KUALA LUMPUR, March 28 — Vegetables staple to the Malaysian diet could soon take a bigger bite out of household budgets, with prices expected to rise as early as April as the war in West Asia disrupts global supply chains.
The impact may not be immediate, thanks to surplus deliveries ahead of Hari Raya Aidilfitri and government-imposed festive price controls.
At Pasar Dato Keramat, vegetable seller Romlah Nasir said she is still clearing stock delivered last Thursday.
“Our next delivery is later this week but we are currently managing with excess vegetables received before Hari Raya.
“We also cannot raise the prices of items like vegetables and coconut milk now because the government has enforced price controls until March 28 for Aidilfitri,” she said.
Malay Mail’s checks found vegetables such as sawi (mustard greens) generally priced between RM4 and RM6 per kg, tomatoes at RM4 per kg, and chillies at around RM10 per kg.
However, with price controls ending today and fertiliser costs set to jump by at least RM300 per tonne next month, prices are expected to climb.
Still, price pressures are already emerging elsewhere.
Wong Kok Keong, 55, who sells pantry staples in Kepong, said while imported onions and garlic remain stable, locally grown ginger from Cameron Highlands has risen by RM2 per kg in a week.
“Two weeks ago, I bought ginger for RM16 per kg but the price went up to RM18 per kg last week.
“The supplier said he increased the price as transport cost have gone up because of higher diesel prices,” Wong said.
A week after Hari Raya Aidilfitri 2026, vegetable seller Romlah Nasir (right) said she has been selling off the stock that was supplied to her before the festive holiday. — Picture by Firdaus Latif
Diesel prices in peninsular Malaysia rose to RM5.52 per litre on March 25, marking the third sharp increase since March 11.
Fertiliser shock
At the core of the expected price hikes is a surge in fertiliser costs driven by global supply disruptions.
Nearly one-third of fertilisers are shipped through the Strait of Hormuz, a key trade chokepoint along the coasts of Iran, Oman and the United Arab Emirates.
Ongoing conflict in the region has disrupted shipping flows, tightening global supply.
The Middle East is also a major producer of urea and other fertilisers due to its abundant natural gas, but the war has forced some plants to shut, worsening shortages.
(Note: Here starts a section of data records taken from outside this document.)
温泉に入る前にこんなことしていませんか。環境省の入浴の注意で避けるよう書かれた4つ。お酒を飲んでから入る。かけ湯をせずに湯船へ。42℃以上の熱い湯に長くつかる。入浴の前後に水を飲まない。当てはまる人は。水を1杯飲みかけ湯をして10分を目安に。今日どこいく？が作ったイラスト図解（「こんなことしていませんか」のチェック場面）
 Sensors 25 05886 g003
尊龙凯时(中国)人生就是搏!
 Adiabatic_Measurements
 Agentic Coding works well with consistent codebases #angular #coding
Federation of Vegetable Farmers Association secretary Tan Chee Kiong said fertiliser prices are expected to rise from RM3,800 per tonne to RM4,100 per tonne in April.
Tan said Malaysian farmers rely heavily on imported fertilisers manufactured in Germany, particularly NPK 15-15-15 and NPK 16-16-16 blends used to grow leafy vegetables such as cabbage.
“These fertilisers are usually used together with the nitrogen-rich urea to promote larger leaves and make leafy vegetables heavier.
“But, many farmers have stopped using urea since the Russia-Ukraine war began in 2022 and only depend on the NPK fertilisers now,” Tan explained.
He said this is because local manufacturers prefer exporting urea to meet global demand, leaving limited supply for domestic use.
Russia controls 16 per cent of global urea exports, according to the World Bank, but attacks on its production facilities have further tightened supply.
Small trader Wong Kok Keong, 55, said the price of ginger grown in Cameron Highlands has jumped from RM16 to RM18 per kg in just a week compared to imports from China. — Picture by Dhesegaan Bala Krishnan
While some farmers have turned to Chinese urea, that option is narrowing as China – Malaysia’s second-largest fertiliser supplier – restricts exports.
If the situation persists, Tan warned that farmers may cut back on vegetable cultivation and switch to fruits or cash crops such as palm oil to manage rising costs.
Packaging costs rising too
Higher fuel prices are also expected to drive up packaging costs for fresh produce.
Petroleum-based plastics such as polyethylene and polypropylene are widely used in vegetable packaging.
Tan said farmers are bracing for a 30 per cent increase in packaging costs – another factor likely to push prices higher for consumers.